THE Scotch whisky, textiles, engineering, manufacturing and food and drink industries have hammered home their fears over future trading arrangements, access to skilled labour and the collapse in the pound following the UK’s decision to leave the European Union.

Representatives from a wide range of sectors laid bare the economic fall-out from the Brexit vote in Scotland during a parliamentary hearing at Holyrood.

They voiced their concerns to MSPs on the Scottish Parliament’s Economy, Jobs and Fair Work Com- mittee, which was taking evidence on the economic impact of Brexit.

Bryan Buchan, chief executive of Scottish Engineering, slammed the vote to leave the EU as a “bitter blow for our sector”. He said engineering firms have been “suffering terribly from the rise in price of raw materials”, including UK steel and nickel, while not seeing any benefit from the weaker pound because the bulk of their business is carried out within the UK. And he said there are growing signs companies could be willing to “take business in the margin” - contracts that would bring in enough income to cover costs and keep volumes up while not delivering a profit.

“The brakes are on, hard, in terms of capital investment, and they are not likely to come until there is clarity [over the UK’s future trading arrangements],” Mr Buchan added.

Karen Marshall, managing director of Bridge of Weir-based Scottish Leather Group, warned the uncertainty over the UK’s future trading relationship with the EU has the potential to “undermine future investment”, and called for a “quick resolution” to the post-Brexit negotiations.
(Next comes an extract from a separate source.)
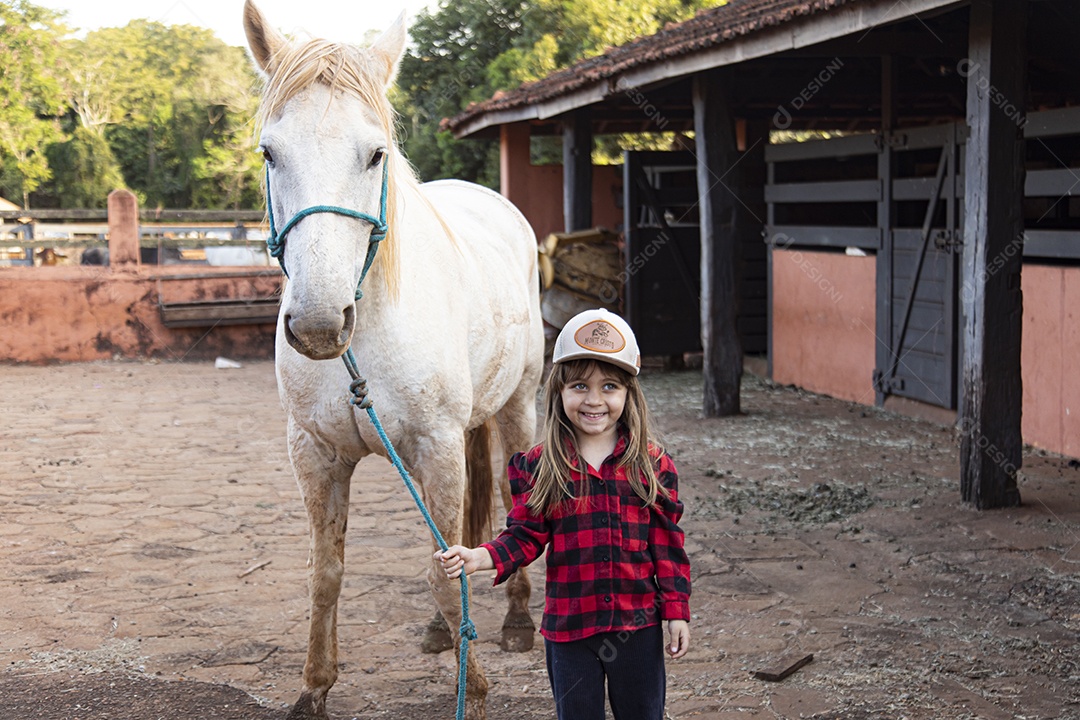 Menina feliz e sorridente sobre fazenda ao lado de seu cavalo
Ms Marshall, whose company supplies leather to the global aviation and automotive sectors, said the vote to leave the EU puts trading relationships with customers based within the bloc at risk, declaring that they are “aghast that we have voted to come out of Europe”.

Mark Hogarth, creative director at luxury textiles company Harris Tweed Hebrides, said the Brexit vote had also shaken up the European fashion industry, noting that “95 per cent of UK textiles companies were vociferously open to Remain politics”. He declared: “To be seen to have withdrawn from Europe is to be seen to have withdrawn from the fashion industry.”

Mr Hogarth played down the argument that the plunge in sterling since the vote on June 23 would benefit exports. Although 70 per cent of Harris Tweed Hebrides’ goods are exported, he said the company trades on its reputation for luxury – not currency movements.

“We don’t trade on currency – we want longevity,” he said.

And while it has been suggested UK companies should seek to open new markets when the UK leaves the EU, Mr Hogarth emphasised that this was not an easy process.

“We managed to crack Italy – [but] it’s like the English selling wine to France,” he said. “It takes years to build up [a new market].”

Fears over a so-called “hard Brexit”, which would mean an end to the free movement from EU countries into the UK, were also highlighted to MSPs.

James Withers, chief executive of Scottish Food & Drink, cited the example of Elgin-based Walkers Shortbread, which flagged last month the key role played by its 300 overseas staff in the continuing success of the business.

Mr Withers said Scotland was facing a “perfect storm” over labour, warning it risks losing the skills of EU migrants because their earnings here are now worth less in their home countries, and because their skills are also in demand in the nations they originally came from as their economies are developed.

He challenged the UK Government to shift its attitude towards migrant workers to underline that their contribution is genuinely valued and welcomed by companies here, and criticised the prevailing message which centres on whether or not they will be allowed to stay.

Mr Buchan, meanwhile, cited the benefit brought to the Rosyth Dockyard, which is working on aircraft carriers, from the freedom of movement across the EU, in particular the influx of Polish workers.

David Williamson, public affairs director at the Scotch Whisky Association, highlighted the importance of distillers securing “pragmatic, non-disruptive transitional agreements” for the UK when it leaves the EU.

The EU is the single biggest market for Scotch whisky, accounting for one-third of exports.